= Mike Barz =

American broadcaster (born 1970)

Mike Barz (born Michael Barszcz; April 9, 1970) is an American broadcaster who was weekday morning news anchor at WFOX-TV and WJAX-TV in Jacksonville, Florida. He was a morning news anchor at WFLD, the Fox affiliate in Chicago, Illinois from 2007-2009.

==Early life and education==
Michael Barszcz was born in Los Angeles to a military family. He moved to the Midwest to attend Indiana University Bloomington, where he earned a bachelor's degree in 1993.

==Professional career==
Early in his career, Barz adjusted his surname and began working as a news anchor at WHBF-TV in Rock Island, Illinois (1996–1997) and at WLUK-TV in Green Bay, Wisconsin, where he worked as a feature reporter and anchor. Barz left WLUK in 1998 to come to Chicago to take a job at WGN-TV as the sports anchor for the WGN Morning News, joining a morning news team with a controversially comedic bent.

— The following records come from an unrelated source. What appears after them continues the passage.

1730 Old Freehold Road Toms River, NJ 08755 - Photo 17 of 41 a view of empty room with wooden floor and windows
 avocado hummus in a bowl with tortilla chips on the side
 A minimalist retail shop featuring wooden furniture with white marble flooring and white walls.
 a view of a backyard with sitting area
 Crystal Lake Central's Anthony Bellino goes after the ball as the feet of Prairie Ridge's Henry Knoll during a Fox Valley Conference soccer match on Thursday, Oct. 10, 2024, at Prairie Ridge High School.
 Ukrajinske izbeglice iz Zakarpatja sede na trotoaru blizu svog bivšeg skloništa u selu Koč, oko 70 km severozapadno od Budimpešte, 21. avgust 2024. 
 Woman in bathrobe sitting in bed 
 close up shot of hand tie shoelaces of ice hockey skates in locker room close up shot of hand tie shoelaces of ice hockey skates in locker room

In early May 2005, Barz received an early release from his contract at WGN-TV to become a full-time feature contributor at ABC News' Good Morning America (GMA). Barz anchored the GMA's weather segment after Tony Perkins' departure from the show in 2005 until September 5, 2006 when he was succeeded by Sam Champion.

In March 2007, Barz returned to Chicago as a co-anchor of WFLD-TV's "Fox News in the Morning," working alongside co-anchors Tamron Hall and David Novarro. Novarro subsequently was moved to a different WFLD newscast, and after Hall joined MSNBC in New York, Barz was joined by a new co-anchor, Jan Jeffcoat, in June 2007.

In July 2010, Barz was hired as a weekday morning news anchor at the Action News Jax stations, WAWS and WTEV-TV, in Jacksonville, Florida. His contract was not renewed in 2014 as part of a larger newsroom shakeup.

Barz was present at the 40th anniversary of Good Morning America on November 19, 2015.

In 2018, Mike Barz became WISH-TV’s evening news anchor for the 6pm, 10pm, and 11pm newscasts.

==Personal==
Barz married former WFLD-TV reporter Tera Williams (a.k.a. Tera Barz), in 2010. She was his co-anchor at WFOX-TV, until June 2012. Barz and Williams divorced in October 2014.